Following the rollout of its cloudless, edge device-focused voice assistant stack, which comprises wake word, speech-to-text translation, and speech-to-intent capabilities, Picovoice announced a web console that lets you easily create and train your own voice models. Alongside the web console release, the company joined the Arm AI Ecosystem Partner Program, which gives Picovoice deeper access to Arm IP and to chip manufacturers like NXP. Specifically, Picovoice is focused on ARM Cortex-M chip designs, which are extremely low power and can integrate into all manner of IoT devices — but are powerful enough to support its voice assistant without the need for a cloud connection.
The big idea is that OEMs can use the Picovoice web console to whip up voice controls for their devices large and small, for minimal cost. Products with voice assistants on board are hot, and although the likes of smart speakers and smart displays get the bulk of the attention, some level of voice control is possible on all manner of lower-power edge devices, from coffee makers to lights. Amazon in particular has aggressively pushed into this internet of things (IoT) space with household devices like its microwave and lamp, but those are all part of Amazon’s Alexa ecosystem.
Picovoice sees an opportunity to help other companies capture a chunk of that market.

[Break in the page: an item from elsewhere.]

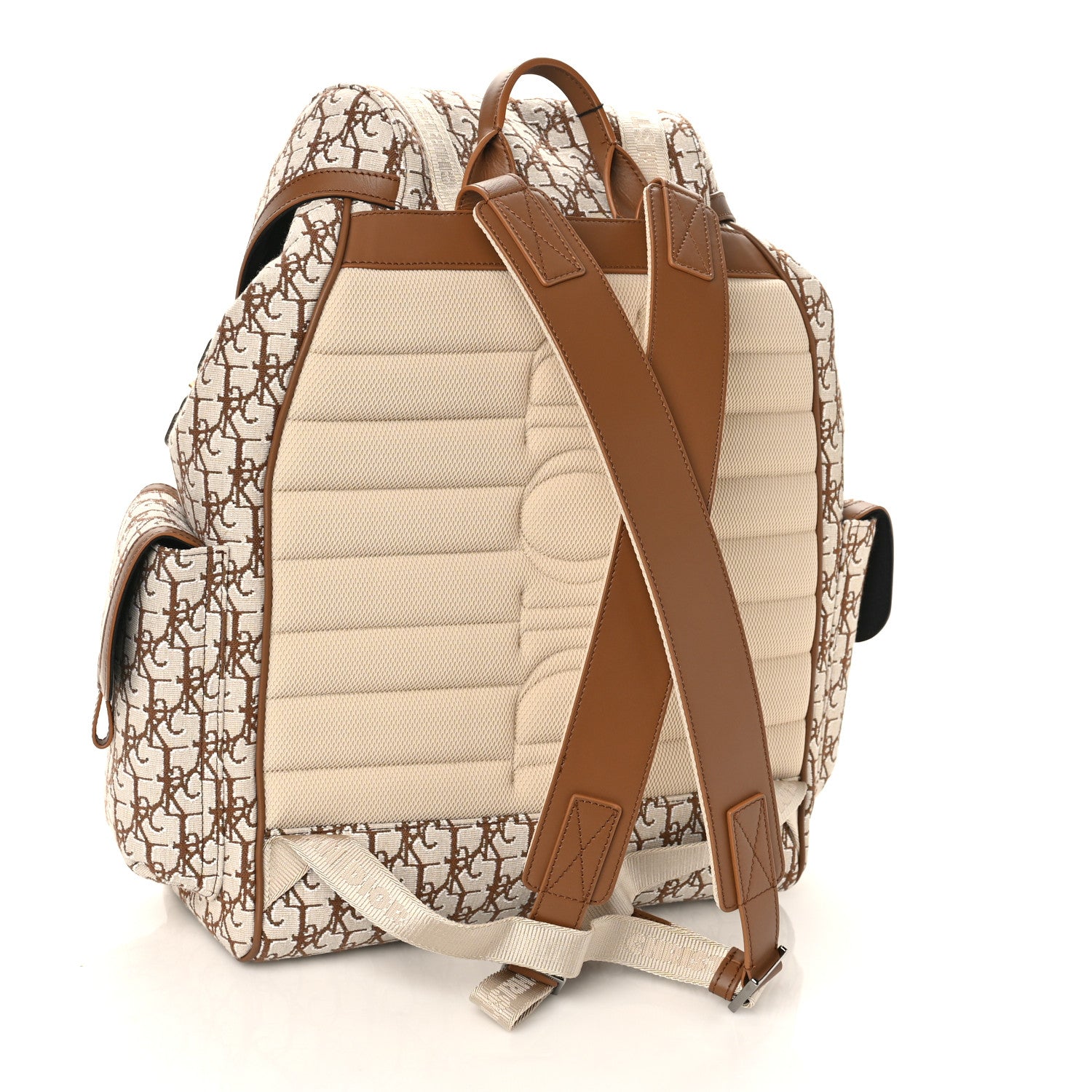 Christian Dior X CACTUS JACK Calfskin Hit The Road Logo Backpack Beige 3 of 9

“Over the course of the past few years, we realized that companies are really struggling to build robust voice experiences, because they have to use several tool sets from different companies and glue them together,” said Picovoice business development chief Mehrdad Majzoobi.
He added that training voice models is resource-intensive — even to simply create a wake word — and requires expertise that not all device makers have available, which drove Picovoice to build a tool that removes that need. “Even non-technical stakeholders in companies [like] product managers and UX designers [can] use the tool to build the experience,” he said. Then, after essentially a one-button export, a company’s engineers can handle integrating the voice capabilities into devices.

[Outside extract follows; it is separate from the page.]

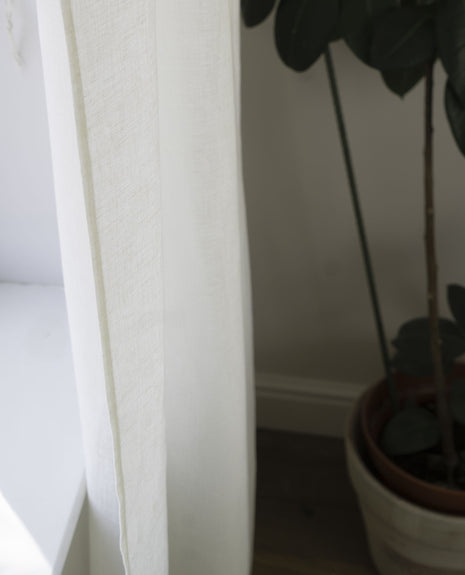 Serenity Ivory Recycled & Linen Mix Voile Panel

The resulting voice models are so efficient, he said, that they can run on multiple classes of tiny Cortex-M microcontrollers. Picovoice’s next goal is for its tool to be able to support 1 billion devices.

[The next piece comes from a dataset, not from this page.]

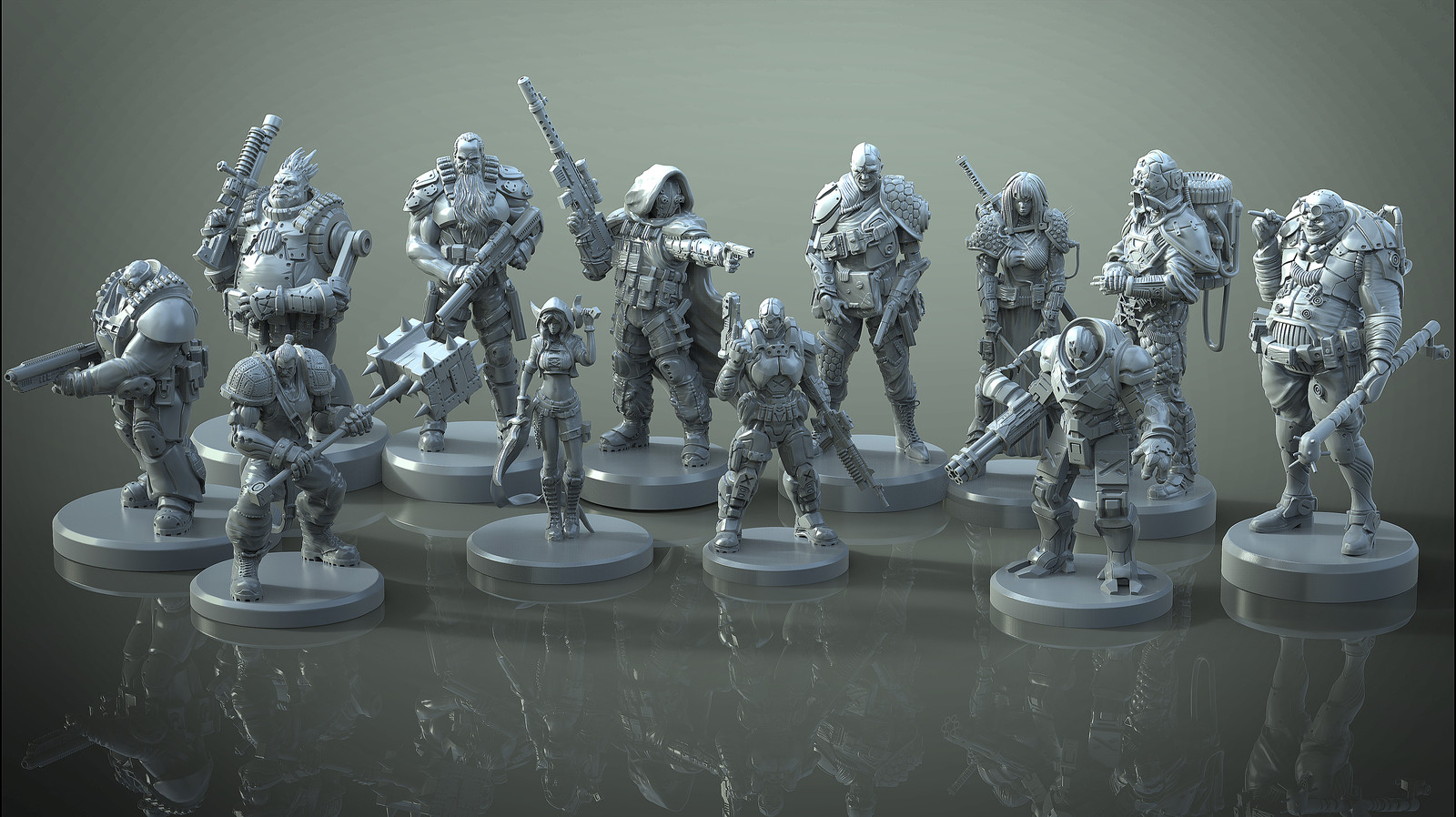 Recent wargames miniatures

In a demo, Picovoice showed VentureBeat how easy the web console is to use.
You start with the wake word section: Simply type in the word or phrase you want to use, select the platform (e.g., ARM Cortex-M or x86_64), and click Create Wake Word Draft. Click Submit to train the model, and in a couple of hours (or less) it will be available for download.
Next, you create the “speech-to-intent context,” which is the domain you want to use it for, such as smart lighting — Picovoice has templates for common domains, or you can define your own. Then click Create Context, and you’ll see a list of parameters to adjust, like “turnLight” and “turnOffLight,” state, and location.
It doesn’t take a programmer to figure out how to set all the intents, states, and parameters thereof, but there is a bit of a learning curve. You have to type in some text commands and use characters like the “$” to define them. But you can test your expressions instantly right there in the browser and make sure you’re on the right track, editing or deleting any that don’t work and adding more if need be.
When you’re done, you click Train, and in a matter of hours you’ll have your model.
With the console, you can see clearly how Picovoice’s domain-specific approach makes sense. For smart lighting, you don’t need a universe of possible commands, like your phone assistant would. You just need a certain set of lights in a given location to turn on or off when you say a given word or phrase. The Picovoice console appears to make that easy for non-technical people.